Lobster Press: The chili lobster at chef Marc Forgione’s namesake TriBeCa restaurant was so popular that he built a whole stall around it at The Pennsy. You can get the lobster, which Lobster Press partner Homarus catches fresh daily in Maine, pressed in a panini ($17) or—our favorite—served in a salad ($17) with gluten-free sorghum, arugula and seasonal vegetables like crispy Brussels sprouts and sweet butternut squash cubes. Either way, the side of warm, spicy-creamy sauce spiked with ginger, garlic and chilies was so good that we were tempted to just drink it straight.
Cinnamon Snail: The first stationary location of this popular vegan, organic food truck offers over-the-top sandwiches and bowls with an exuberant mashup of flavors from Korea, Thailand, Vietnam and beyond. While the seitan-based Beastmode Burger ($10.95) is a popular pick, we gravitated to the Thai BBQ tempeh sandwich ($9.95) with pickled red onions, Thai basil, arugula and smoked chili-roasted peanuts on grilled spelt bread. Bonus: Any item can be served on gluten-free millet-flax bread or, for a few bucks extra, over greens and red quinoa pilaf. The Snail’s popular doughnuts and other vegan desserts are also available at the stand.

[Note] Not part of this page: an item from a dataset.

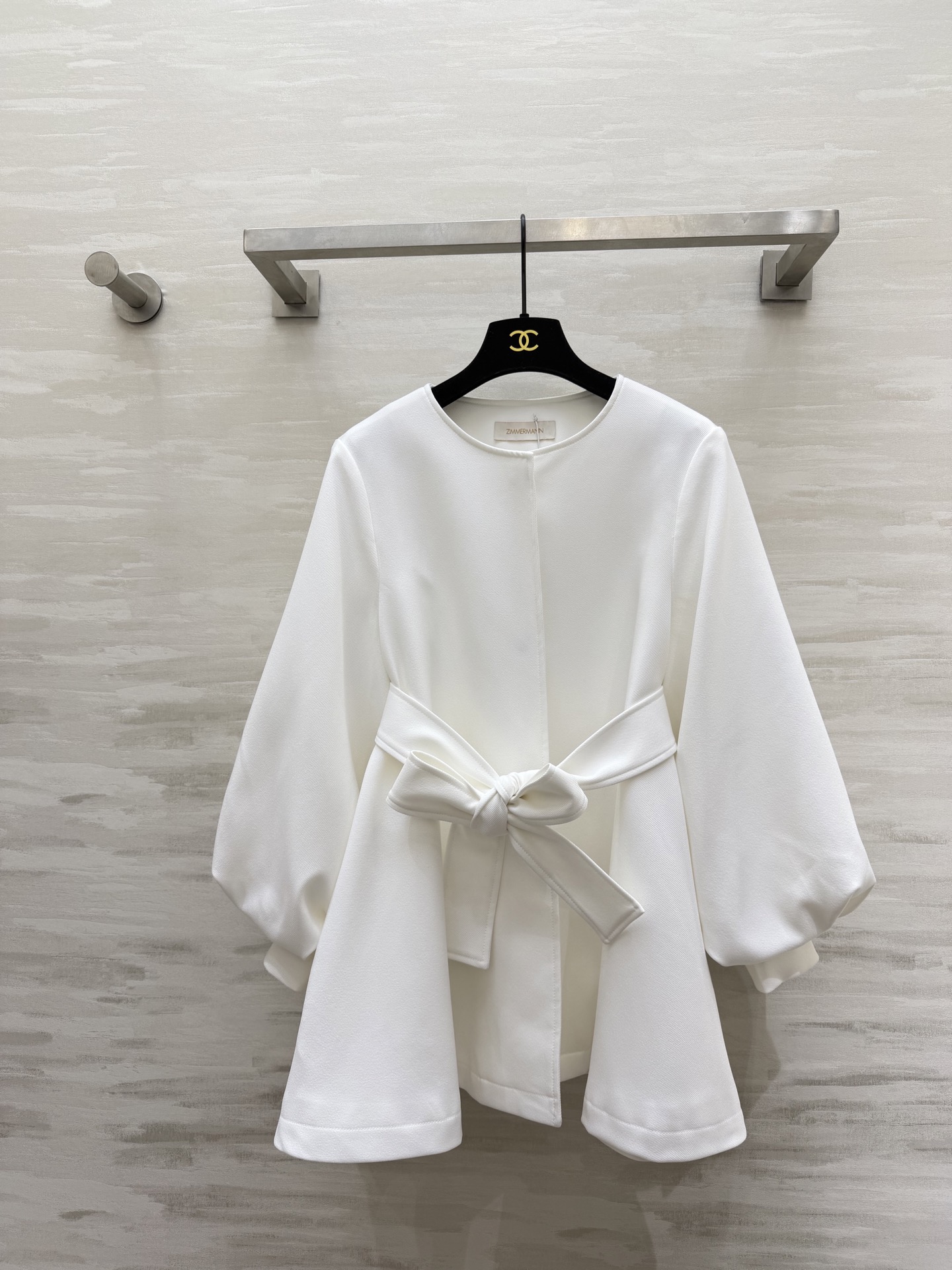 NO:723362,#ZIMMERMAN Spring and Summer New Style Lantern Sleeve Waisted Jacket Gentle to the bone atmosphere jacket minimalist round neck + neat tailoring Comes with a high-end filter Lantern sleeve design is elegant and majestic Belt waist shows proportion Black and white with eyes closed, looks great with suit pants/skirts High quality customization Available in stock first size S/M/L/XL (S size shoulder width 38, bust 100, length 73), Zimmerman-clothing, skirts, jackets  & coats, business suits,19860909#ZIMMERMAN春夏新款 灯笼袖收腰外套 温柔到骨子里的氛围感外套极简圆领+利落剪裁 自带高级感滤镜 灯笼袖设计优雅大气 腰带收腰显比例 黑白两色闭眼入 搭西装裤/半裙都很绝 高品质定制 现货首发sizeS/M/L/XL（s码肩宽38,胸围100,衣长73）,兹默曼-服装,skirts,jackets & coats,business suit,,Women's clothing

Pat LaFrieda: Carnivores will want to head over to the debut eatery from locally legendary butcher Pat LaFrieda (he’s famous for supplying many of the best restaurants in New York with custom burger blends and other meats). You’ll find all manner of sandwiches made with hormone- and antibiotic-free meats. Robust, juicy choices include the classic tomato-sauced meatball sub ($12), the Black Angus steak sandwich ($15) and the house-roasted turkey sandwich ($12). For the bread adverse, there are seasonal plates such as the super-tender braised boneless short ribs served with a slightly sweet celery root slaw ($15). Packaged meats and burger blends are also for sale to take home.
Mario by Mary: For another super meatball sub, try the panini ($12.50) from this Italian collaboration between Mario Batali and caterer Mary Guliani. The meatballs are made with a blend of pork and beef from—who else?—Pat LaFrieda, and they’re topped with escarole, pecorino and mozzarella for a sandwich that’s rich and gooey without being greasy. In addition to hot and cold sandwiches, there are hearty seasonal soups ($5.50 for 12 ounces; $7 for 16 ounces), including white bean and rosemary and a chicken and kale stracciatella that’s going to be our go-to cold-fighter this winter.